**RECORDS FOR PROCESSING**:
Start of Block

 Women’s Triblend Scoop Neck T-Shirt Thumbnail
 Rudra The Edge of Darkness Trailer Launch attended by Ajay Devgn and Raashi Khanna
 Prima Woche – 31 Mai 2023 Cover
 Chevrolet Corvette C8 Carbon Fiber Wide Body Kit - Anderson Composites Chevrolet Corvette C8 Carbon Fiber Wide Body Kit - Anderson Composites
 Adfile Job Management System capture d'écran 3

End of Block
Start of Block

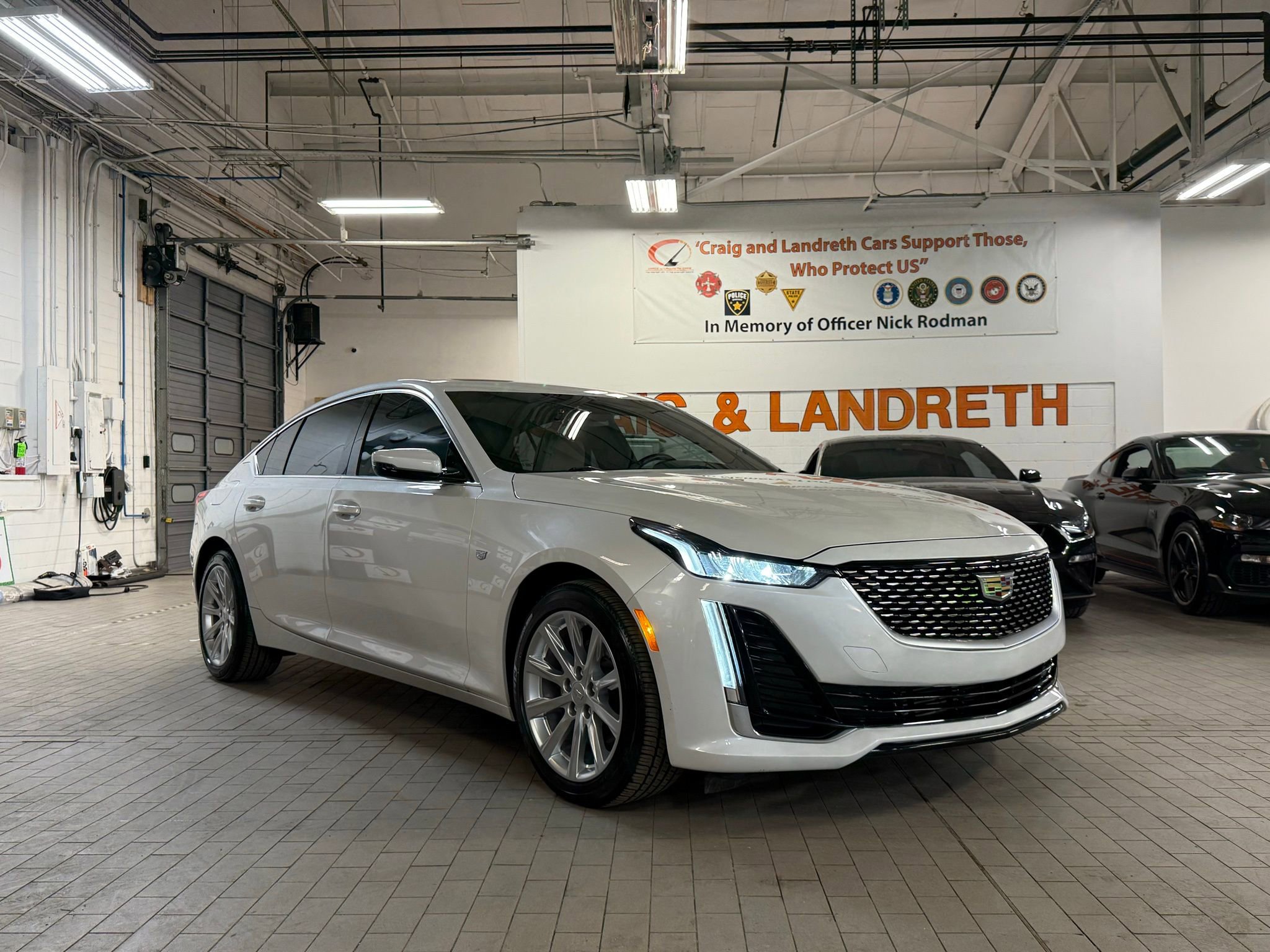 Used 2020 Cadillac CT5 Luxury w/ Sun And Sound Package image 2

End of Block

**EXERCISE**: Extract exactly and only the lines above from the line containing "Anderson Composites Chevrolet" through the line containing "Adfile Job Management", both end lines included.

**FINISHED EXERCISE**:
 Chevrolet Corvette C8 Carbon Fiber Wide Body Kit - Anderson Composites Chevrolet Corvette C8 Carbon Fiber Wide Body Kit - Anderson Composites
 Adfile Job Management System capture d'écran 3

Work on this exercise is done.